# Training with stronger/fitter/faster riders



## comsense (Feb 24, 2005)

I have had two spins with a group of riders who are far stronger/fitter than I am. I can last about 2 hours with them and then let them go - they do another 2 hours or so at their pace and I go another 2 hours at my endurance pace. During the time I ride with them I see my heart rate go as high as I'd see it when racing.This is for periods varying from single minutes to 15 -20 minutes at a time. Recovery takes at least 24 hours - I can ride at endurance pace next day but efforts hurt like hell.
My question is: Is this training benefical or damaging?


----------



## bill (Feb 5, 2004)

unless you are extremely disciplined and know exactly what you are doing, either for yourself or through a knowledgeable coach, riding with your betters is the fastest and best way to improve.
make sure you get rest. if a little more rest helps you to last with those fellows for the third or fourth hour, you probably would benefit more. and watch mental burnout from going too hard on the days you aren't riding with those dudes.
the progression:
omg. can't see. want to throw up. dropped.
omg. can't see. want to throw up. all I can do to sit in.
omg. can't see. want to throw up. can barely take every other pull.
omg. can't see. want to throw up. all I could do to take my pulls.
omg. can't see. want to throw up. going with him on that hill took all that I had.
omg. can't see. want to throw up. but I made them chase, didn't I?


----------



## Guest (Jan 28, 2009)

Certainly beneficial, riding with your betters if a great way to get faster, its also one reason why really strong riders motorpace, faster riders are hard to come by at that level.

Its also an opportunity to learn from experienced riders and benefit from their knowledge.

Just don't over do it, you're probably never going to recover riding with people much faster than you even when they are going easy.

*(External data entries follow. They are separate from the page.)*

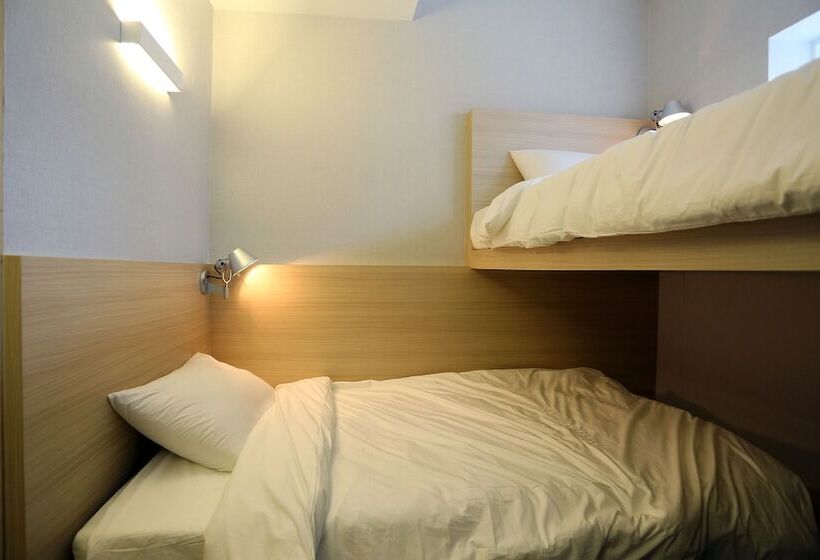 Quarto Dúplex, 8 Hours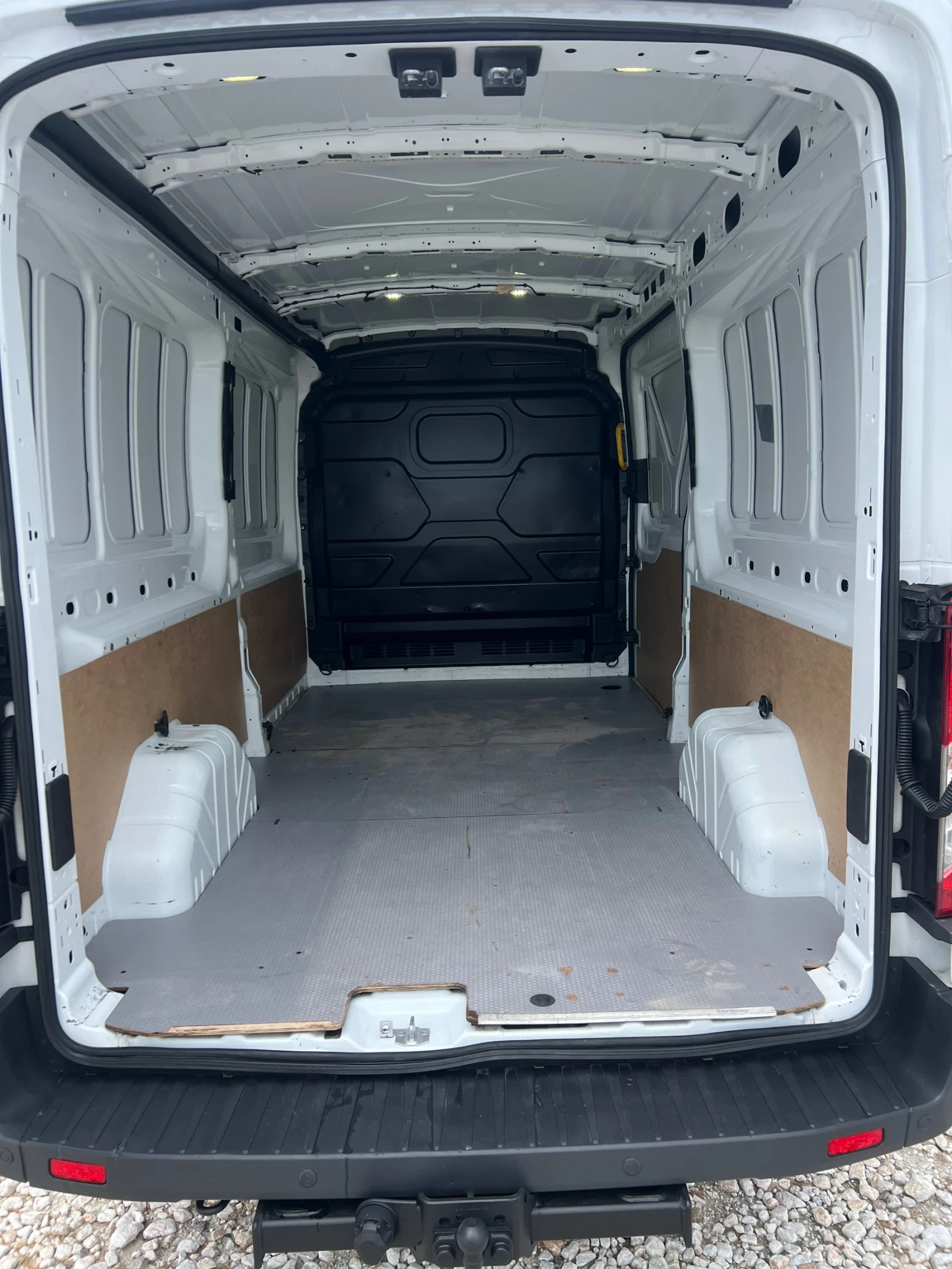 Ford Transit EURO6b, снимка 9 - Бусове и автобуси - 54693046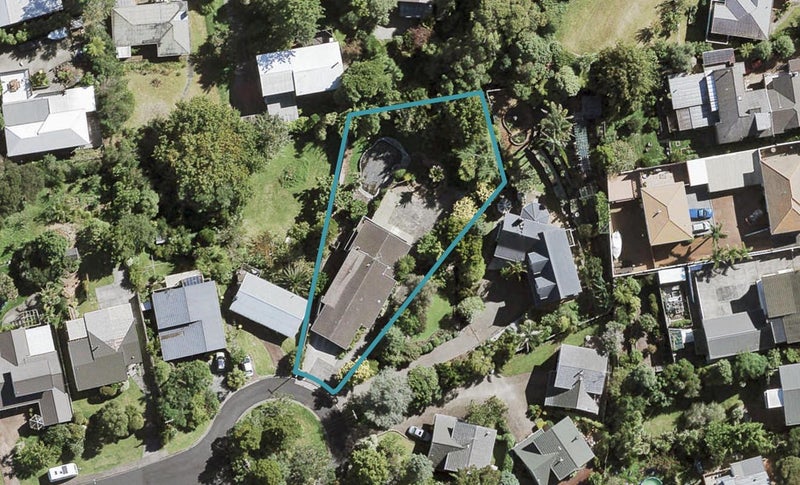 30 Deane Avenue, Titirangi, Auckland - Carousel 1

But if after 24 hours you can hop back on for an easy spin then the effort is probably of reasonable level. Doesn't mean you need to do it everyday or even every weekend.


----------



## capt_phun (Jun 14, 2004)

Definitely ride with stronger riders. If you are not training with a power meter by yourself, it is easy to ease up when riding solo, & your gains take a lot longer. By riding with stronger riders, it keeps you honest & you have to dig deep, thereby making you stronger in the long run.


----------



## function (Jun 20, 2008)

Riding with the stronger riders is always going to be a better training effect than riding with your peers and sitting in comfortably. I'd personally try and fit it in at least once a week making sure to be rested before the ride. One other big advantage is that it really hardens you mentally, you'll be going deeper than you thought was possible, then just when you think it's unbearable you'll have to dig even further! Good times.


----------



## comsense (Feb 24, 2005)

Thanks for the replies. I couldn't make up my mind whether it was harmful or not.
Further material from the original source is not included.